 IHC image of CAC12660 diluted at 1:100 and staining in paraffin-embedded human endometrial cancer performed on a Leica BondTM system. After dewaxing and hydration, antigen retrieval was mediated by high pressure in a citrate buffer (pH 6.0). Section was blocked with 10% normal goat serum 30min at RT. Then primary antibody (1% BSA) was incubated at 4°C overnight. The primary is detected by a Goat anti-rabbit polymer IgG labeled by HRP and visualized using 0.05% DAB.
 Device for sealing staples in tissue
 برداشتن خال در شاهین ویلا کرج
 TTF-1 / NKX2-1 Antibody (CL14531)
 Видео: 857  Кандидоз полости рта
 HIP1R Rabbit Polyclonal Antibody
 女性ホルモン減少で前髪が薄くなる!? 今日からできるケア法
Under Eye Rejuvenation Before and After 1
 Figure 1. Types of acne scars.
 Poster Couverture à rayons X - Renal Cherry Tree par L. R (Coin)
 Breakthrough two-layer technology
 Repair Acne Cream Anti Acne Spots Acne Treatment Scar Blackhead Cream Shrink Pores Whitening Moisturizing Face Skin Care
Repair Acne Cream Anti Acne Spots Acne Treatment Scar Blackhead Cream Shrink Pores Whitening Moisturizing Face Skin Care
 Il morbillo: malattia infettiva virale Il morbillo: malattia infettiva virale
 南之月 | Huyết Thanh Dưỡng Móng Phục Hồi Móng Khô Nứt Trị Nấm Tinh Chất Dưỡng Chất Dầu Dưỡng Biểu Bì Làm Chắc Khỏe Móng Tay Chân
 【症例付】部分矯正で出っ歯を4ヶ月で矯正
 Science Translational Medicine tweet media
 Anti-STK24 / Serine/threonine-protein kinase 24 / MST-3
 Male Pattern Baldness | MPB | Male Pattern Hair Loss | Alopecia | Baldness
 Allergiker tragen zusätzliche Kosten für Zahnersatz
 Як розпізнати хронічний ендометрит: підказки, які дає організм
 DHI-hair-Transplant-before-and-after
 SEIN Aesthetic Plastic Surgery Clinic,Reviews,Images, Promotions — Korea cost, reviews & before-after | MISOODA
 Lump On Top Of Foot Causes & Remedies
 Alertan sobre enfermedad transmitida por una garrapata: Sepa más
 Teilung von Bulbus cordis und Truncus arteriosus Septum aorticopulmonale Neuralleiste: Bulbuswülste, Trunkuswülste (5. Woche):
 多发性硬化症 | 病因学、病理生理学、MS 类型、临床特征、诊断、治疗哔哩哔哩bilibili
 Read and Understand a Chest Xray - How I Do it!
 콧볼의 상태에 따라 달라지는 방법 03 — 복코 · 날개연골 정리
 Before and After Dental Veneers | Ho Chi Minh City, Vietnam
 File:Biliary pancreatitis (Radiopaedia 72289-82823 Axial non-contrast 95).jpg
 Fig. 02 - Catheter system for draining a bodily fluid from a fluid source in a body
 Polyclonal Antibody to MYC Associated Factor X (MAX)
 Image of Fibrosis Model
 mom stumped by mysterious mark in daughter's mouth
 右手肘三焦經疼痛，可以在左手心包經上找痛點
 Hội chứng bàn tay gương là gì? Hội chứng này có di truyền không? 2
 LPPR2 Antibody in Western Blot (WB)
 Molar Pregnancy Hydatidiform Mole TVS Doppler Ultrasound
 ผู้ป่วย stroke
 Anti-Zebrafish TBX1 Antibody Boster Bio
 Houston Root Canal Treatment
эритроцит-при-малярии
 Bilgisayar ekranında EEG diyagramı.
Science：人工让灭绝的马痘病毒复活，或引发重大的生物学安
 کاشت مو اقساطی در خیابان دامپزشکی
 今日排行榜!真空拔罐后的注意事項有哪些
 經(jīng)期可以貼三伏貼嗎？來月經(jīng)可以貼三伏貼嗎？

----

- _EXERCISE PROMPT_:
From the line with "Anti-Zebrafish TBX1 Antibody Boster Bio" to the last line of the material, give every line again exactly, and only those lines.

- _RESPONSE TO THE TASK_:
 Anti-Zebrafish TBX1 Antibody Boster Bio
 Houston Root Canal Treatment
эритроцит-при-малярии
 Bilgisayar ekranında EEG diyagramı.
Science：人工让灭绝的马痘病毒复活，或引发重大的生物学安
 کاشت مو اقساطی در خیابان دامپزشکی
 今日排行榜!真空拔罐后的注意事項有哪些
 經(jīng)期可以貼三伏貼嗎？來月經(jīng)可以貼三伏貼嗎？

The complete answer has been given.